But I'm suddenly unable to reproduce the problem at all, either from reportupdater or from the commandline on stat1004. Is it possible that something got deployed today which fixes it? Or maybe it's related to parquet only logging when new tables are loaded into memory, and once the tables are cached no more logging happens?

Either way, @elukey please feel free to experiment with our jobs. They're currently failing every day AFAIK, so nothing will be hurt by running them a bit extra. These are codemirror, templatedata, templatewizard, and visualeditor. I have to go async for today but will be excited to look over any outputs.

In T275757#6956022, @elukey wrote:

I also deployed on an-launcher1002 the same patch for T276121, that caused some troubles when executing hive via systemd. Likely unrelated but worth to check if anything changed.

I rebuilt and deployed new hive packages on stat100x and an-launcher1002 for T276121, that was a problem related to garbled output when executing hive via systemd, this is why I was asking to re-check :D

Mentioned in SAL (#wikimedia-analytics) [2021-03-30T12:30:45Z] <elukey> restart reportupdater-codemirror on an-launcher1002 fro T275757

In any case let's fix the parquet logging too, what I'd need is a minimal script.hql able to reproduce this problem (with steps about how to do it etc..).

I'm strangely unable to produce any parquet logs at the moment, but will update here once I stumble across a good test case.

Even a daily failing query like codemirror/hive/toggles is working from the command line, no parquet logging shows up. In fact, I can't even get the logging to appear if I try. I'm curious to know whether the cron errors have changed? Cron failure can still be confirmed by exploring the output metrics, they have been null since Feb 24.

Checking the command-line tool's default environment,

hive -e 'set env:HADOOP_CLIENT_OPTS'

env:HADOOP_CLIENT_OPTS= \
    -Dproc_hivecli \
    -Djava.util.logging.config.file=/etc/hive/conf.analytics-hadoop/java-logging.properties \
    -Dlog4j.configurationFile=hive-log4j2.properties \
    -Djava.util.logging.config.file=/usr/lib/hive/bin/../conf/parquet-logging.properties

that parquet-logging.properties file doesn't exist. In fact, maybe this is the original bug? It would explain why the config file seems to do the right thing—once the property is overridden with a bad filename, the puppet-deployed file is never read?

Confirmed,

hive -e 'set system:java.util.logging.config.file'

system:java.util.logging.config.file=/usr/lib/hive/bin/../conf/parquet-logging.properties

This looks like the culprit, found in stat1004:/usr/lib/hive/bin/hive

if [ -f "${HIVE_CONF_DIR}/parquet-logging.properties" ]; then
  export HADOOP_CLIENT_OPTS="$HADOOP_CLIENT_OPTS -Djava.util.logging.config.file=${HIVE_CONF_DIR}/parquet-logging.properties "
else
  export HADOOP_CLIENT_OPTS="$HADOOP_CLIENT_OPTS -Djava.util.logging.config.file=$bin/../conf/parquet-logging.properties "
fi

I think the wrapper script is a distributed package file, so instead of changing it we could install the logging properties in the second expected location. I've updated the puppet patch to demonstrate what I mean. But still just guessing since I haven't been able to reproduce this afternoon.
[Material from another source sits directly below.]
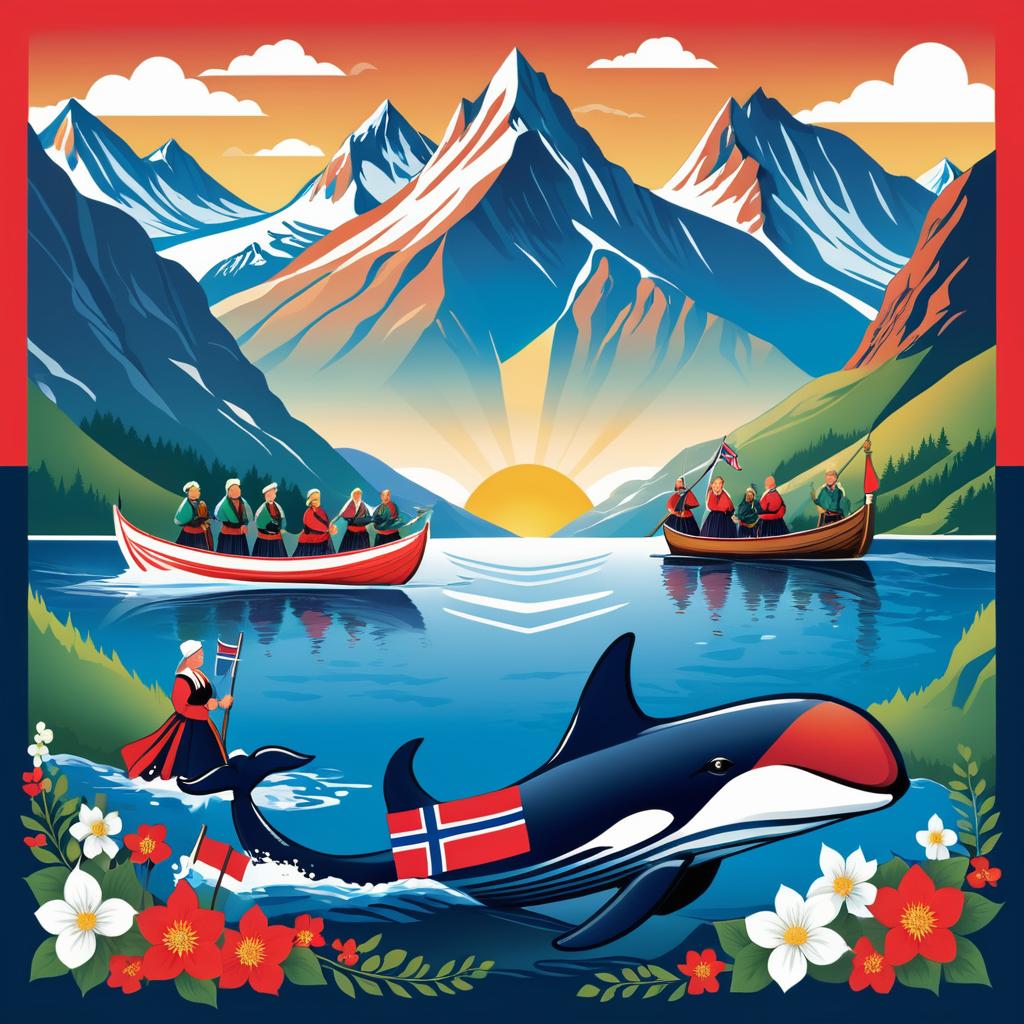 Festive Norwegian Landscape T-Shirt Design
Change 675907 had a related patch set uploaded (by Awight; author: Awight):

[operations/puppet@production] Let hive use the default logging config path

https://gerrit.wikimedia.org/r/675907

awight added a project: WMDE-TechWish-Sprint-2021-03-31.Mar 31 2021, 8:21 AM

awight moved this task from Sprint Backlog to Watching (Stalled) on the WMDE-TechWish-Sprint-2021-03-31 board.

Change 675907 merged by Elukey:

[operations/puppet@production] hive: use the default logging config path for parquet logs

https://gerrit.wikimedia.org/r/675907

Applied the patch with some tweaks, it is definitely a cleaner a more modern approach, thanks!

I see some errors for the various timers though:

Apr 01 05:02:13 an-launcher1002 reportupdater-templatedata[8907]: ValueError: Invalid metric name "MediaWiki.TemplateData.template.template-description-change.actionCount.byEditCount.100-999 edits.byWiki.bowiki"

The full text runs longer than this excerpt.